Berlin (dpa) - Die Lage in den Kliniken spitzt sich zu: Vielerorts sind die Intensivstationen infolge der wachsenden Zahl an Covid-Patienten bereits überlastet.

Ärzte bereiten sich verstärkt auf Patientenverlegungen vor, wie die Deutsche Interdisziplinäre Vereinigung für Intensiv- und Notfallmedizin (Divi) mitteilte. «Die Corona-Lage ist sehr besorgniserregend und momentan nicht unter Kontrolle», sagte Divi-Präsident Gernot Marx in einer Videoschalte. Man mache sich große Sorgen.

Mehr als 3670 Covid-19-Patienten würden derzeit auf Intensivstationen in Deutschland versorgt, knapp 1200 seien vergangene Woche hinzugekommen. Regional, etwa in Bayern, Thüringen, Sachsen und einigen Ballungszentren seien die Intensivstationen bereits überlastet.

«Diese Überlastungssituation macht Verlegung in den jeweiligen Bundesländern zurzeit schon notwendig und auch eine Priorisierung». Das bedeute, dass planbare Operationen verschoben werden und die Kliniken Reserven schaffen müssten.
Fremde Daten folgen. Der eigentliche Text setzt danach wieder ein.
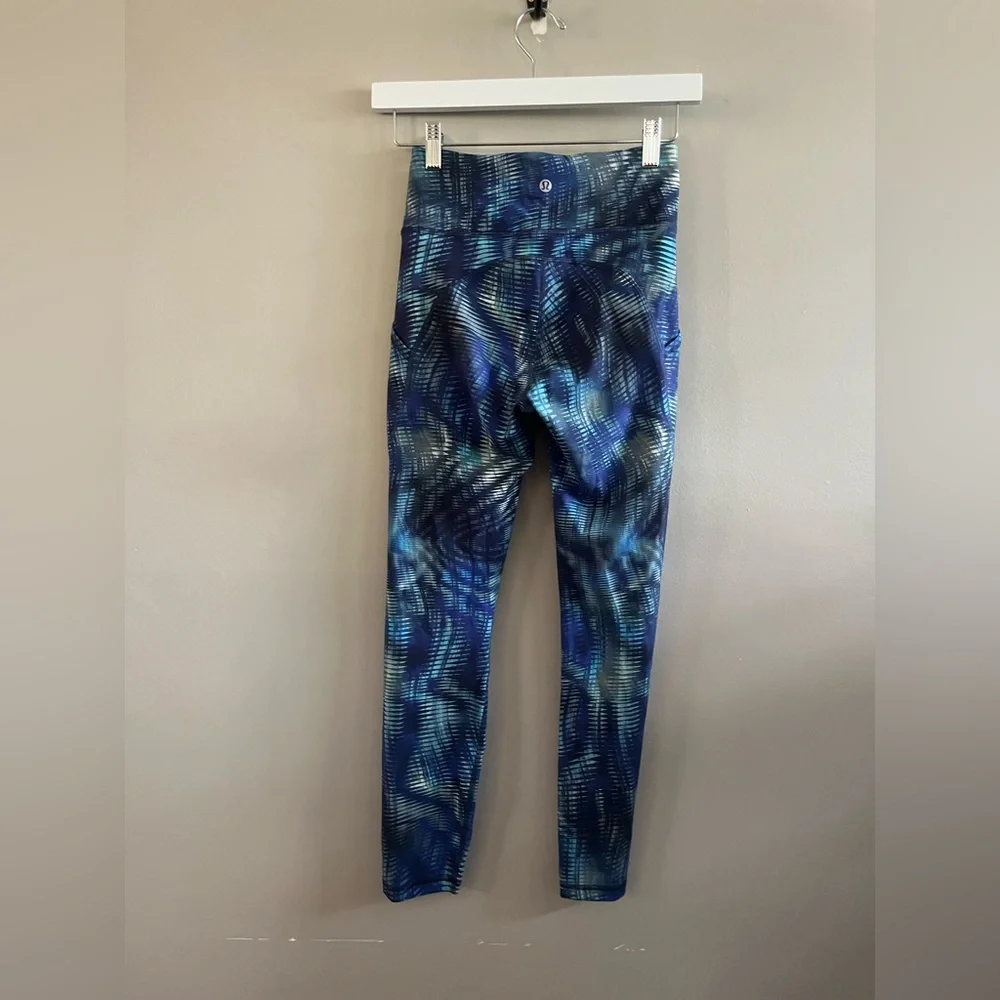 Lululemon Invigorate HR Tight 25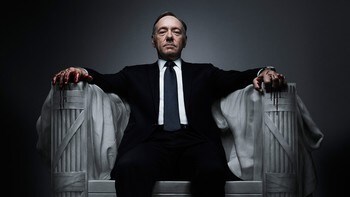 House of Cards - Kan House of Cards få folk til å bytte ut TV-ene sine? - Foto: Netflix /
Wenn die Infektionsdynamik in den nächsten Tagen und Wochen anhalte und es weiter einen ungebremsten Anstieg an schwerkranken Covid-19-Patienten gebe, werde eine Priorisierung von Eingriffen und eine Umorganisation in weiten Teilen Deutschlands notwendig. Die allgemeine Gesundheitsversorgung stehe dann nicht mehr auf sehr hohem, gewohntem Niveau zur Verfügung. Jeder Notfall und jeder Covid-19-Patient werde jedoch versorgt, betonte Marx.

Das Kleeblattkonzept

Unter dem Eindruck der ersten Corona-Welle hatten Bund und Länder im Frühjahr 2020 ein Konzept für die bundesweite Verlegung von Covid-19-Patienten entwickelt, die intensivmedizinisch behandelt werden müssen. Im September vergangenen Jahres wurde das sogenannte Kleeblattkonzept dann durch die Innen- und Gesundheitsminister beschlossen. Es beruht auf einem dreistufigen System - grün, gelb, rot.
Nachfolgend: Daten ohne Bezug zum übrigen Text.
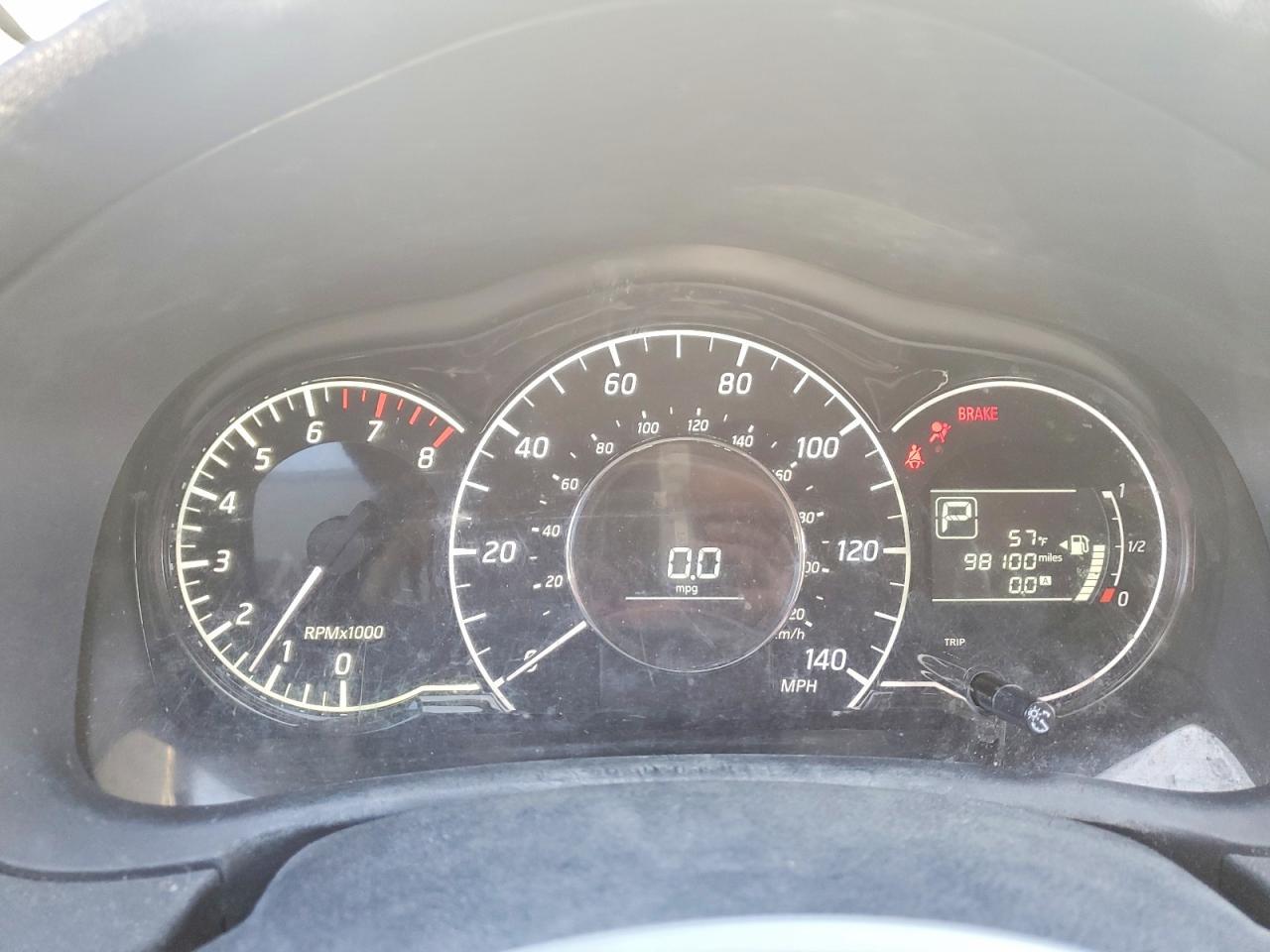 2015 Niss Versa Note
Wenn die Stufe «rot» erreicht ist, wird der Verlegungsbedarf zwischen den fünf Regionen - West, Nord, Ost, Süd, Südwest - über einen jeweils vorab definierten Koordinator organisiert, im Austausch mit dem Gemeinsamen Melde- und Lagezentrum von Bund und Ländern beim Bundesamt für Bevölkerungsschutz und Katastrophenhilfe (BBK). Eine Fachgruppe des Robert Koch-Instituts berät dabei. Nach Auskunft des BBK fanden in der vierten Welle bisher keine Verlegungen über die einzelnen Kleeblätter hinaus statt.

Dennoch: Der schwer von Corona getroffene Freistaat Sachsen muss sich nach Angaben der Landesärztekammer auf eine Triage vorbereiten. Es stünden im Freistaat nur noch wenige Betten auf den Intensivstationen zur Verfügung, sagte der Präsident der Landesärztekammer, Erik Bodendieck, dem Sender NDR Info.
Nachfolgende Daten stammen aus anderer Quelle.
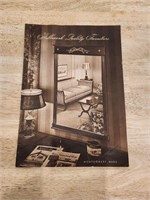 Montgomery Wards furniture magazine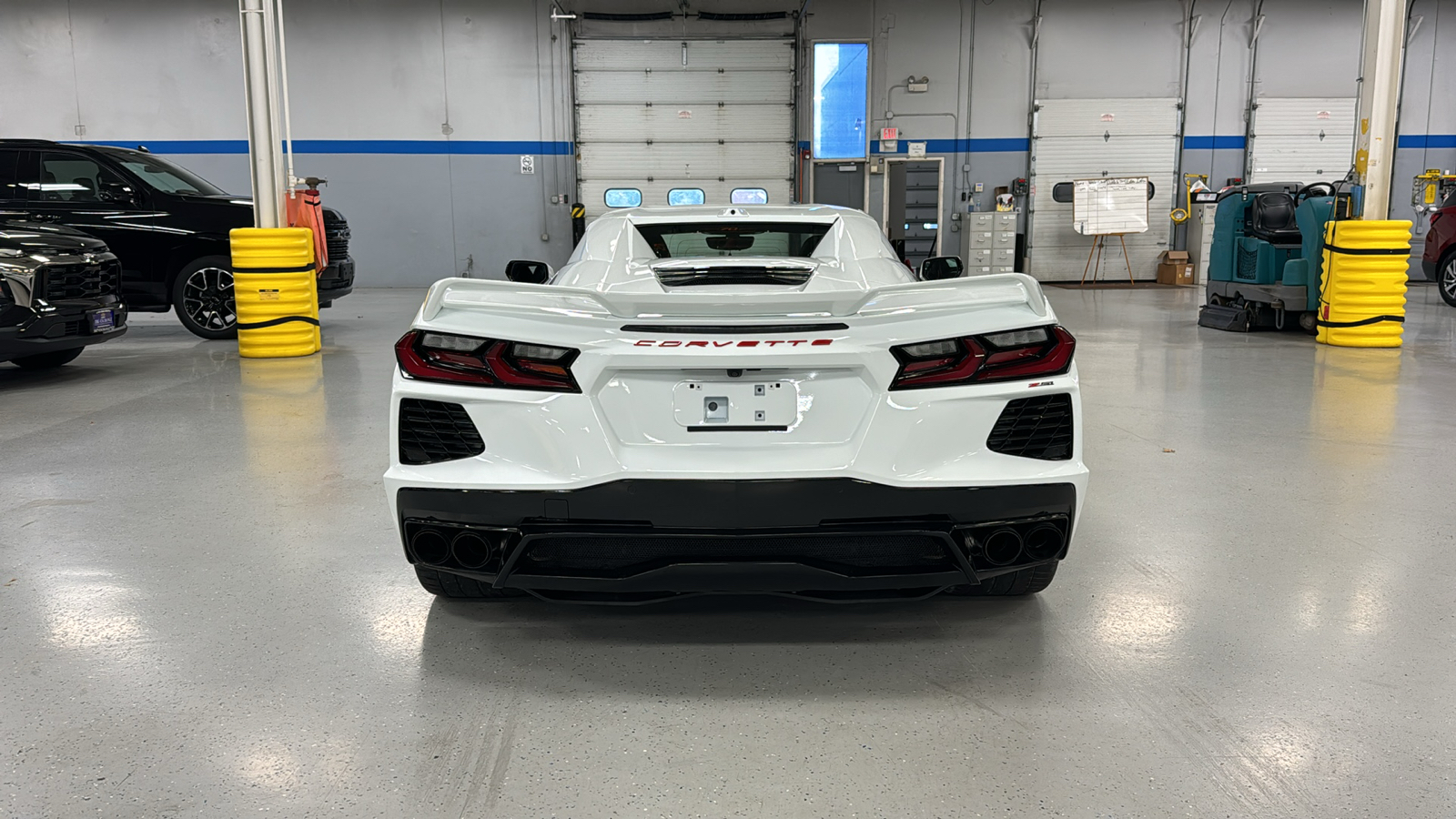 2023 Chevrolet Corvette Stingray 5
Triage bedeutet, dass Mediziner aufgrund von knappen Ressourcen entscheiden müssen, wem sie zuerst helfen. Er hoffe, dass es anders komme als zurzeit prognostiziert. Sachsen sei in jedem Fall auf die Hilfe anderer Bundesländer angewiesen.

Pflegekräfte fehlen

Ein Grund für die angespannte Situation auf den Intensivstationen ist laut Divi unter anderem der Personalmangel in den Krankenhäusern. Viele Pflegekräfte hätten gekündigt oder ihre Arbeitszeit reduziert, sagte der wissenschaftlich-medizinische Divi-Leiter und Lungenfacharzt Christian Karagiannidis. Im Vergleich zum letzten Jahr stehen der Divi zufolge nun rund 4000 Intensivbetten weniger zur Verfügung.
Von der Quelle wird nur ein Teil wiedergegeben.